His main concern has beenthe historical interpretation of the Greek and demotic documentary texts of the Ptolemaic period, the role of archaeology in the context of Ptolemaic economic history, and the applicability of social science theory, particularly New Institutional Economics and Social Network Analysis, towards an understanding the contextualization of the historical developments in the Ptolemaic empire. The papyri (and ostraca) from Ptolemaic Egypt comprise the richest corpus for the study of the hellenistic economy and the formation and expansion of Ptolemaic governance, but using the information recorded in the texts in the wider context of state development, economic performance and institutional change presents enormous interpretive challenges. He is also increasingly interested in material culture and the integration of archaeological material into the understanding of long term trends in economy and society (e.g. the performance of the economy and cultural interactions between Greek and Egyptians among other groups), as well as larger scale work in the deep connections between Hellenistic and Roman history generally. Manning’s work now takes him in some new and exciting directions, including working on the modeling of Egyptian history using cultural evolutionary theory, among other approaches, for the Seshat Project (below), the study of comparative bureaucratic developments in the Mediterranean and China, the history of property in the context of ancient law, and a new major project exploring and specifying the underlying links between short-term climate change, war, rebellion and economic performance in the Hellenistic world.
Selected Books/Articles
- Current book project: The economy of the ancient Mediterranean. Princeton U. P.

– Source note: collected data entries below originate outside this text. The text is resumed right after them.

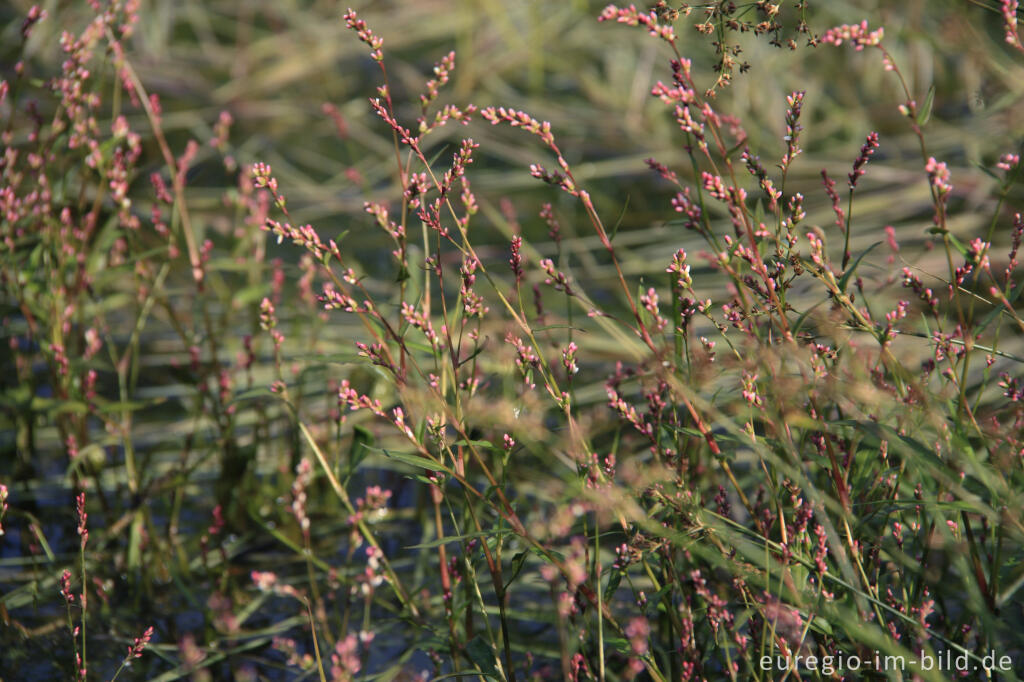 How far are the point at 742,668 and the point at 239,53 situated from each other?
3.76 meters

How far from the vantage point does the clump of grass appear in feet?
3.37

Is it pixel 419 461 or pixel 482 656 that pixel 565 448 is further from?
pixel 482 656

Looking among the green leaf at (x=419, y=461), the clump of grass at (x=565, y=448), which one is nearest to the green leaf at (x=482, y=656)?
the clump of grass at (x=565, y=448)

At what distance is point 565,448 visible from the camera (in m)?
1.04

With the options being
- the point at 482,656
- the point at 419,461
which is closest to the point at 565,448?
the point at 419,461

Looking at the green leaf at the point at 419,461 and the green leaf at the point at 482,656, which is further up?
the green leaf at the point at 419,461

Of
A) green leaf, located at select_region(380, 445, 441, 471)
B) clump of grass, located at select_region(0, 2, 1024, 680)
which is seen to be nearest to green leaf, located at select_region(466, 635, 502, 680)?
clump of grass, located at select_region(0, 2, 1024, 680)

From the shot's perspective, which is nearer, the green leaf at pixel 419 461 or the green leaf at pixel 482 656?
the green leaf at pixel 419 461

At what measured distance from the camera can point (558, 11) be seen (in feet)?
13.6

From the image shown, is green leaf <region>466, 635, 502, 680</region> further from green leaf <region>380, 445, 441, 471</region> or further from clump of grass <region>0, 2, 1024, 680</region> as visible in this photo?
green leaf <region>380, 445, 441, 471</region>

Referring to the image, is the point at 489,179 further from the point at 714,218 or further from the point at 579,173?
the point at 714,218

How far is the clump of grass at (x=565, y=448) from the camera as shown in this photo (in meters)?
1.03

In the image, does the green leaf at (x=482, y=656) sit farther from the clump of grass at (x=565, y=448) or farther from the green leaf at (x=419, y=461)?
the green leaf at (x=419, y=461)

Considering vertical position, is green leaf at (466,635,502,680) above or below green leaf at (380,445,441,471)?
below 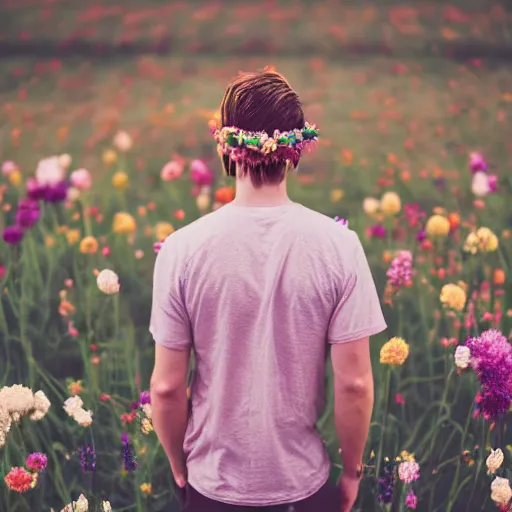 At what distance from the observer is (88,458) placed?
70.3 inches

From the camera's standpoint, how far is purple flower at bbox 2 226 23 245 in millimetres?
2088

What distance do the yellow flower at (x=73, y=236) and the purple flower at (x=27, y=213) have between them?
0.12 metres

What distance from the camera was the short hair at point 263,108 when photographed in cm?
114

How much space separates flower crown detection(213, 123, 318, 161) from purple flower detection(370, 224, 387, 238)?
3.35ft

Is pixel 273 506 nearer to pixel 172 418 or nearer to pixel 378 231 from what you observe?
pixel 172 418

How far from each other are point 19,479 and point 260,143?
1.23m

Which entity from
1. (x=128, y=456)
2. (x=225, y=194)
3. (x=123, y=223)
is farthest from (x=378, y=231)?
(x=128, y=456)

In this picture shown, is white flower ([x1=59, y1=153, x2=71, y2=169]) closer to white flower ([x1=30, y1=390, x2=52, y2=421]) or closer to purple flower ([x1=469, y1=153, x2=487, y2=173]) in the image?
white flower ([x1=30, y1=390, x2=52, y2=421])

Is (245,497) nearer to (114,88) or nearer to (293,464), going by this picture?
(293,464)

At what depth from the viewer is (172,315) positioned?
4.01 ft

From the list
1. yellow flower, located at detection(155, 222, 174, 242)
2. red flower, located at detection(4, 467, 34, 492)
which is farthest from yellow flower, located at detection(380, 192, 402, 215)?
red flower, located at detection(4, 467, 34, 492)

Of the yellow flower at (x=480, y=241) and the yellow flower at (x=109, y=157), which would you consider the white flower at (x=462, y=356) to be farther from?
the yellow flower at (x=109, y=157)

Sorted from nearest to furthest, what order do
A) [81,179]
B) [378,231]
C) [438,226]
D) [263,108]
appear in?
[263,108] < [438,226] < [378,231] < [81,179]

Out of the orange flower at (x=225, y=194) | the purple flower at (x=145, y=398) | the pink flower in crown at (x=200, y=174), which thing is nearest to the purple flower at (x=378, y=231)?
the orange flower at (x=225, y=194) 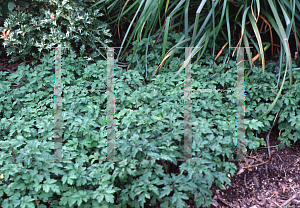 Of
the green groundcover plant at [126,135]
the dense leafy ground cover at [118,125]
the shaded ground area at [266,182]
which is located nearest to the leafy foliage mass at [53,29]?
the dense leafy ground cover at [118,125]

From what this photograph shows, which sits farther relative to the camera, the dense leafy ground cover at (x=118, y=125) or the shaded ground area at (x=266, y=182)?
the shaded ground area at (x=266, y=182)

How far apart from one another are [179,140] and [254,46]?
1693 mm

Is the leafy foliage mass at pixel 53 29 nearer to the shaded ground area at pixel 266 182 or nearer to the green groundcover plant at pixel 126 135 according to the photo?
the green groundcover plant at pixel 126 135

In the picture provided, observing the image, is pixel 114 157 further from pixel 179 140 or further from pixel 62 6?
pixel 62 6

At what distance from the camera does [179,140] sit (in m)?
2.11

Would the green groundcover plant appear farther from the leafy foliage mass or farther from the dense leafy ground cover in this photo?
the leafy foliage mass

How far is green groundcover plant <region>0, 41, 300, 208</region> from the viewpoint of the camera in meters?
1.84

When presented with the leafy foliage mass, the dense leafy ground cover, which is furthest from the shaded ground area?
the leafy foliage mass

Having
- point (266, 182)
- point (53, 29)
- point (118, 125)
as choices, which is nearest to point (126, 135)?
point (118, 125)

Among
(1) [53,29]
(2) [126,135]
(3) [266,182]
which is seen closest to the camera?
(2) [126,135]

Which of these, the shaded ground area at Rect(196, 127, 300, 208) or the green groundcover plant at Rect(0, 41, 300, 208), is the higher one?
the green groundcover plant at Rect(0, 41, 300, 208)

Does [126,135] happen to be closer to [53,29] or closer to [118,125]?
[118,125]

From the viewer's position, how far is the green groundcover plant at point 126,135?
6.04 ft

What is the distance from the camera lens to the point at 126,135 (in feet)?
7.04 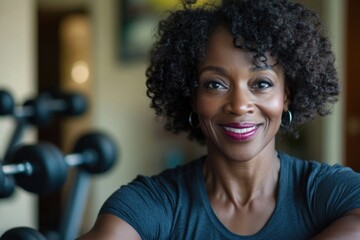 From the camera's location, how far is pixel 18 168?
1.62 meters

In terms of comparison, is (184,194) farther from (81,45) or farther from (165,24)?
(81,45)

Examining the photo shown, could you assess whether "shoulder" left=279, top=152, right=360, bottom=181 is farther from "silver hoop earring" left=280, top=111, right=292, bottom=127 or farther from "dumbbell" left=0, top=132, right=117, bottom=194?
"dumbbell" left=0, top=132, right=117, bottom=194

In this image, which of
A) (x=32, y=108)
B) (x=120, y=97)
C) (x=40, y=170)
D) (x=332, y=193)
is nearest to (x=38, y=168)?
(x=40, y=170)

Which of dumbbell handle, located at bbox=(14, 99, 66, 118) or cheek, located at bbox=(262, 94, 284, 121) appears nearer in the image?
cheek, located at bbox=(262, 94, 284, 121)

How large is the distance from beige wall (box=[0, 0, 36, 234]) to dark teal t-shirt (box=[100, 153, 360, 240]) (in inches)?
78.7

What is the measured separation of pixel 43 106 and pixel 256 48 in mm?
1673

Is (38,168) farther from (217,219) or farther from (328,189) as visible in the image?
(328,189)

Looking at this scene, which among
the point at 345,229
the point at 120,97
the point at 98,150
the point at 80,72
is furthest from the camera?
the point at 80,72

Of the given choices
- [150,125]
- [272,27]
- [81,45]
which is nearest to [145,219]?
[272,27]

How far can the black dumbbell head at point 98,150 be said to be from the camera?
2279 mm

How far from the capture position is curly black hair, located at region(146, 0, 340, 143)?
4.12 feet

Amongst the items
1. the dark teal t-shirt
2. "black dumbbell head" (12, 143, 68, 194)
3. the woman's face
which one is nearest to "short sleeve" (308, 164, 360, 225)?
the dark teal t-shirt

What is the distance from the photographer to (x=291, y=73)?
1301 mm

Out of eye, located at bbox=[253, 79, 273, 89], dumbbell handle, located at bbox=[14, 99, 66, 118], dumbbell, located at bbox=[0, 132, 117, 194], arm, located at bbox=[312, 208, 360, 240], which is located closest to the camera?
arm, located at bbox=[312, 208, 360, 240] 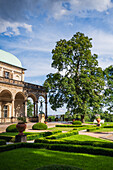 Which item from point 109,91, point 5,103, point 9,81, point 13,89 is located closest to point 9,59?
point 9,81

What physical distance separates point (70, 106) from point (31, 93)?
24.6 ft

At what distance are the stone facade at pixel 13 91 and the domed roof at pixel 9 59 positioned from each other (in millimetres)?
847

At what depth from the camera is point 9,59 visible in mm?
32094

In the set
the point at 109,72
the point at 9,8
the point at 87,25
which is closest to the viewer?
the point at 9,8

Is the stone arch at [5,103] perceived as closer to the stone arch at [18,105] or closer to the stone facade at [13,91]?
the stone facade at [13,91]

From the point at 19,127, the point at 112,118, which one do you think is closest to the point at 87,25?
the point at 19,127

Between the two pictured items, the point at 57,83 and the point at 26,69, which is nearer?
the point at 57,83

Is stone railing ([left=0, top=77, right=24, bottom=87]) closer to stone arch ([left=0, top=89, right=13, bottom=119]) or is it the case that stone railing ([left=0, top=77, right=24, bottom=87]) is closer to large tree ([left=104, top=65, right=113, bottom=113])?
stone arch ([left=0, top=89, right=13, bottom=119])

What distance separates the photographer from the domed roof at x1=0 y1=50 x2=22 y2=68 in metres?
30.8

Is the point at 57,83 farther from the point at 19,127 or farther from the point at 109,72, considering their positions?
the point at 19,127

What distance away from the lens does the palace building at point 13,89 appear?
26622 mm

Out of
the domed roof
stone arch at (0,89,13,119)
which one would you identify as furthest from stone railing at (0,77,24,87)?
the domed roof

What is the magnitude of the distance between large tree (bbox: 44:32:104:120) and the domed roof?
7.01m

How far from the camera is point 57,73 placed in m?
31.5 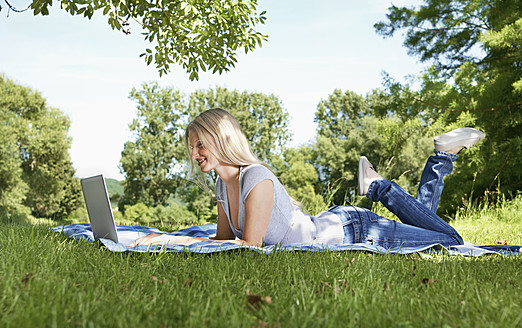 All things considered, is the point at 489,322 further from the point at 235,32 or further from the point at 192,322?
the point at 235,32

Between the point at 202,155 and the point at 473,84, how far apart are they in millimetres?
9510

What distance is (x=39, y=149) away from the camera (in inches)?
882

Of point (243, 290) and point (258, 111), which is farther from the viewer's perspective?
point (258, 111)

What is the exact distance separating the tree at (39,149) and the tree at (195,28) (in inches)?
706

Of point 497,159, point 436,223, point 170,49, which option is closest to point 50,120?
point 170,49

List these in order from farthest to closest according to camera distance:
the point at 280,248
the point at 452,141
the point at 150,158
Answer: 1. the point at 150,158
2. the point at 452,141
3. the point at 280,248

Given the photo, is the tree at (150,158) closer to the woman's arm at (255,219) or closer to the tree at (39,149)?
the tree at (39,149)

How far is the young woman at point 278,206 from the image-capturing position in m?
2.50

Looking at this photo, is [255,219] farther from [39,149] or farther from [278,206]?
[39,149]

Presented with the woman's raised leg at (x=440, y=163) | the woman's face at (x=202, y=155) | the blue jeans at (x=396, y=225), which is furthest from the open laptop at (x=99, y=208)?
the woman's raised leg at (x=440, y=163)

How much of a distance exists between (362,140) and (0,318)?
2485 cm

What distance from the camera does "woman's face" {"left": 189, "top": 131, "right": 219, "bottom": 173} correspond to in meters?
2.74

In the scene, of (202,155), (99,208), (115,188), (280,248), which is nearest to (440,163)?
(280,248)

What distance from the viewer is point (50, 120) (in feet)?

- Just appeared: “At the Limits: Long Distance Trade in the Time of Alexander the Great and the Hellenistic Kings,” Reconfiguring the Silk Road: New Research on East-West Exchange in Antiquity. University of Pennsylvania Press.
- June 2014: Law and legal practice in Egypt from Alexander to the Arab Conquest. Cambridge U.P. Edited with JG Keenan and Uri-Yiftach-Firanko.
- 2015: Writing History in Time of War: Michael Rostovtzeff, Elias Bickerman and the “Hellenization of Asia”. Edited by J. G. Manning.
- Beyond the Pharaohs. The Wall Street Journal Bookshelf, March 19, 2011.
- “Egypt,” in Peter Bang and Walter Scheidel, eds., The Oxford handbook of the state in the ancient near east and Mediterranean. Oxford: Oxford University Press. Pp. 61–93.
- “The capture of the Thebaid” in Perspectives on Ptolemaic Thebes. Ed. Peter F. Dorman and Betsey M. Bryan. Chicago:Oriental Institute, 2011. Pp. 1–16
- The last pharaohs. Egypt under the Ptolemies. Princeton University Press, 2009.
- “The Ptolemaic economy,” in The Cambridge Economic History of the Graeco-Roman World. Eds. Ian Morris, Walter Scheidel & Richard Saller. Cambridge University Press, 2007. Pp. 434–59.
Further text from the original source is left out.